We all know exercise can help you stay trim and in shape, but there are a number of
health benefits sometimes overlooked:
- Helps prevent chronic diseases (such as heart disease), stroke and diabetes
- Improves your overall mood
- Reduces high blood pressure
- Reduces stress
- Strengthens muscles, bones and joints
- Improves metabolism and increases your energy level
- Strengthens immune system
- Prevents depression
- Increases bone density, which helps prevent osteoporosis
There are three types of exercise recommended for optimal health: 1) aerobic exercise,
2) strength training, and 3) lifestyle exercise.

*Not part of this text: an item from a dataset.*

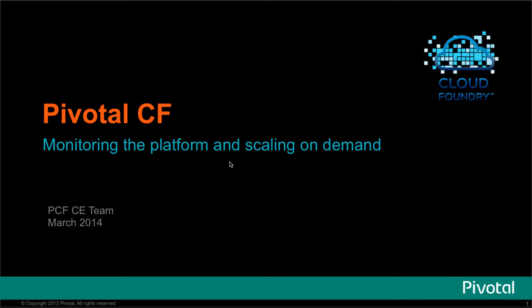We're going to demonstrate in this video how Pivotal Cloud Foundry Ops metrics can be used together with any JMX monitoring tool to report platform capacity usage and scale on demand.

Aerobic exercise will help strengthen your heart and lungs. Strength training can help
tone muscles, increase strength and bone density, improve posture and even reduce the
potential for injury. In addition, strength training helps increase your metabolism,
allowing you to burn more calories on a daily basis. Lifestyle exercise refers to everyday
chores or activities that can be utilized as exercise (e.g., taking the steps instead of
the elevator, walking your pet, parking a greater distance from your destination).
The Medifast
Exercise Guide provides tips on how to exercise, when to exercise and the type of
exercise activities we recommend. Well introduce you to the Medifast Walking
Program, a 12-week walking program for beginners OR exercise veterans and
well help you incorporate a consistent workout schedule into your healthy lifestyle.
Before you begin exercising, be sure to check with your doctor to make sure your
exercise plan is appropriate for you. Once you have been deemed ready, adopt a slow pace
and gradually increase the amount of time spent on the activity.